El tiempo pasó y la agotada mente de Karuth vagó a un mundo de fantasmas errabundos, a medio camino entre el sueño y la vigilia. Sólo una vez se sobresaltó un instante, escapando al principio de una pesadilla, y al alzar la vista, parpadeando soñolienta, vio la habitación inmóvil y escuchó el débil chisporroteo del brasero. La ventana de aquella habitación estaba orientada hacia el oeste, por lo que no pudo ver el primer rayo de sol, cuando éste apareció, lejos en el este y sobre el mar. Pero, en el Castillo que despertaba lentamente, hubo un hombre que vio el resplandor del amanecer así como el débil brillo de una luz sobrenatural incolora, aunque a la vez parecía recoger todas las variaciones del espectro, que se movía fugazmente entre dos de las grandes torres del Castillo. Desapareció en un instante, como el reflejo lejano de un relámpago, pero el atisbo quedó fijo en su mente. Le dijo algo que había estado esperando conocer. Y también despertó otra intuición, extraña…
El suave movimiento del picaporte hizo que Karuth se despertara por completo y alzara la cabeza mientras los vestigios del sueño desaparecían totalmente. La luz del día entraba en la habitación, el brasero estaba apagado y el fuego casi extinto. Frente a ella, al otro lado de la cama, la hermana Fiora se frotaba los ojos. Carnon, también despierto, se incorporó un poco en su asiento y estiró los brazos; y se quedó de piedra cuando vio a Keridil Toln en el umbral.
—Sumo Iniciado… —Carnon se puso en pie, Karuth hizo lo mismo un instante después, y Fiora, mirando rápidamente por encima del nombro, se incorporó e hizo una apresurada reverencia.
—Carnon… —Los debilitados ojos de Keridil mostraban una peculiar intensidad—. Señoras… —Miró la cama y la estudió atentamente durante unos instantes—. Lamento profundamente esta tragedia. ¡Pobre niña! Apenas tenía dieciocho años, según tengo entendido. —Su mirada abandonó la inmóvil silueta de Avali y se fijó uno por uno en los rostros de quienes la velaban—. Sé que hicisteis cuanto estaba en vuestras manos para salvarla. Debe de haber sido una noche dolorosa para los tres.
Karuth y Fiora bajaron la vista. Carnon asintió sombríamente.
—Gracias, Keridil. Tu amabilidad me conmueve.

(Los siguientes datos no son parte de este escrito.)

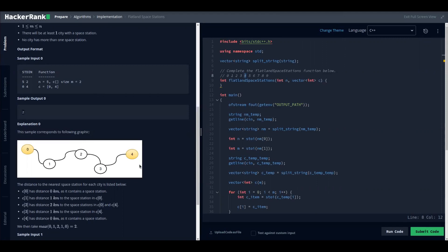To solve this, we first initiate our result with the position of the first space city. The distance from city zero to the first space station is our initial maximum. As we move forward, if we find any greater distance we update the result.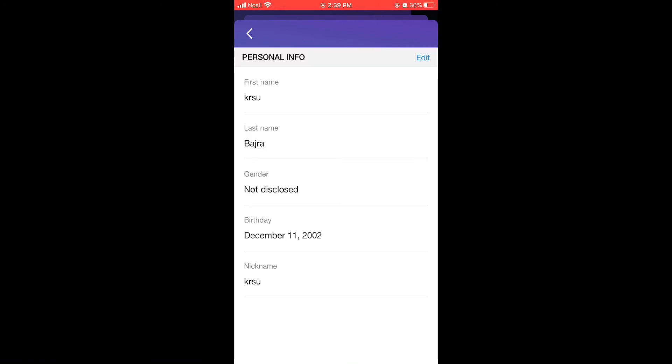You can edit your first name, last name, sender, date of birth, and your nickname. To edit or update, tab on edit.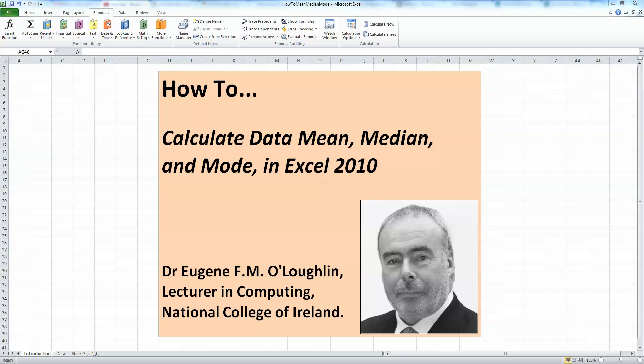Hi everybody, this is Eugene O'Loughlin, Lecturer in Computing at the National College of Ireland, and welcome to my series of short how-to videos. In this video, we're going to learn how to calculate the data mean, median, and mode in Excel 2010.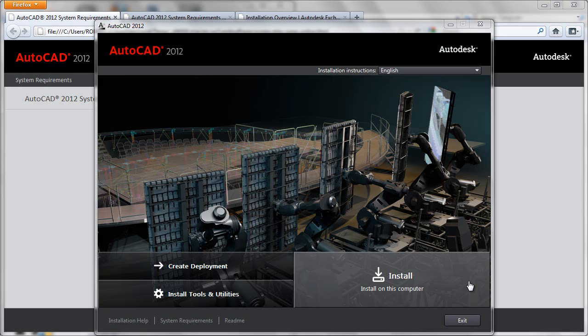Before you just jump in and begin your AutoCAD 2012 installation, why not take a few moments to peruse the system requirements and look at some of the help files to make sure you know everything that will be required to achieve a positive installation experience.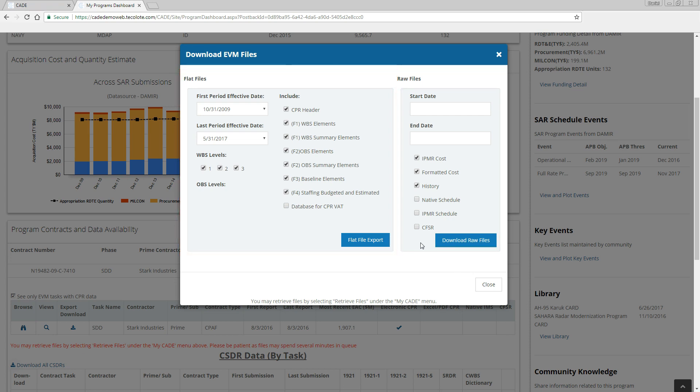Each file format has its advantages. Formatted Excel files are human readable, but often difficult to do analysis on. XML files are designed for machine-to-machine data interchange and not human readability, which makes them challenging to work with. Flat files are designed to give you the most analytical power and flexibility.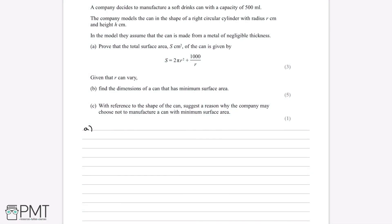A company decides to manufacture a soft drinks can with a capacity of 500 millilitres. The company models the can in the shape of a right circular cylinder with radius r centimetres and height h centimetres, assuming the can is made from metal of negligible thickness. Part A wants us to prove the total surface area S of the can is given by S equals 2πr² plus 1000 divided by r.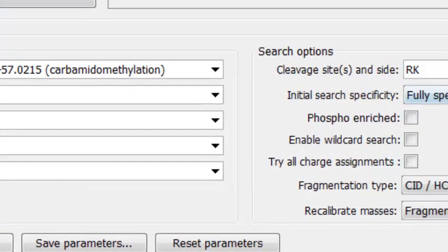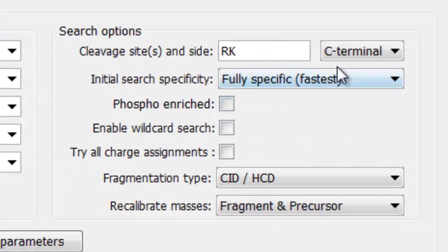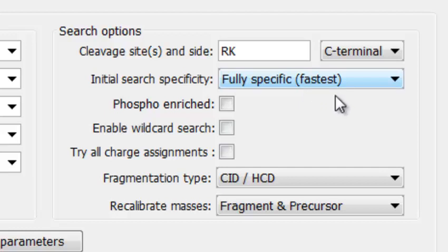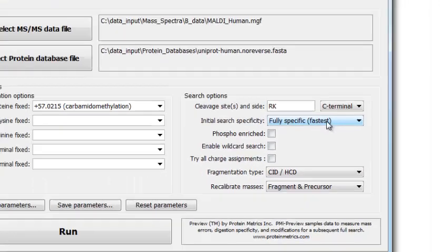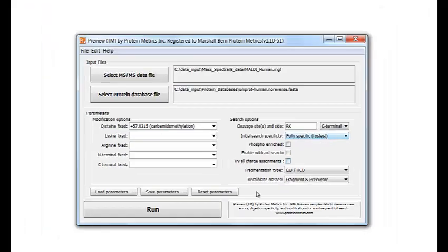Over here, you specify the digestion. By default, Preview assumes digestion with trypsin, but you can change the digestion to whatever you like. Here I'm leaving the default settings, and now I'll click Run to start the program.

—¿Amabilidad? —La mirada de Keridil se hizo ligeramente burlona—. Ah, me pregunto… —Se acercó para ver a Avali con más claridad—. ¿El bebé está vivo?
—Sí. Es una niña. Prematura, pero creo que sobrevivirá.
—Ah —repitió Keridil. Estaba al pie de la cama. Fiora se apartó para dejarlo pasar, y las huesudas manos del Sumo Iniciado agarraron el extremo de la cama hasta que sus nudillos se marcaron blancos.
—Presagios. —Lentamente, desapareció la expresión de desconcierto y en su lugar surgió el ceño. Karuth se atrevió a mirar a Carnon; sus miradas se encontraron y ella vio, como esperaba, inquietud en el médico. Carnon hizo ademán de coger al Sumo Iniciado por el brazo y apartarlo de la cama, pero Keridil volvió a hablar.
—No, no. Eso pasó hace mucho tiempo. —De repente, con un estremecimiento, Karuth tuvo la sensación de que hablaba a alguien que no estaba en la habitación. Entonces Keridil movió la cabeza y sonrió débilmente—. Si hay presagios, que sean otros quienes los descubran. Doy gracias a los dioses por no tener que afrontar ya esa responsabilidad.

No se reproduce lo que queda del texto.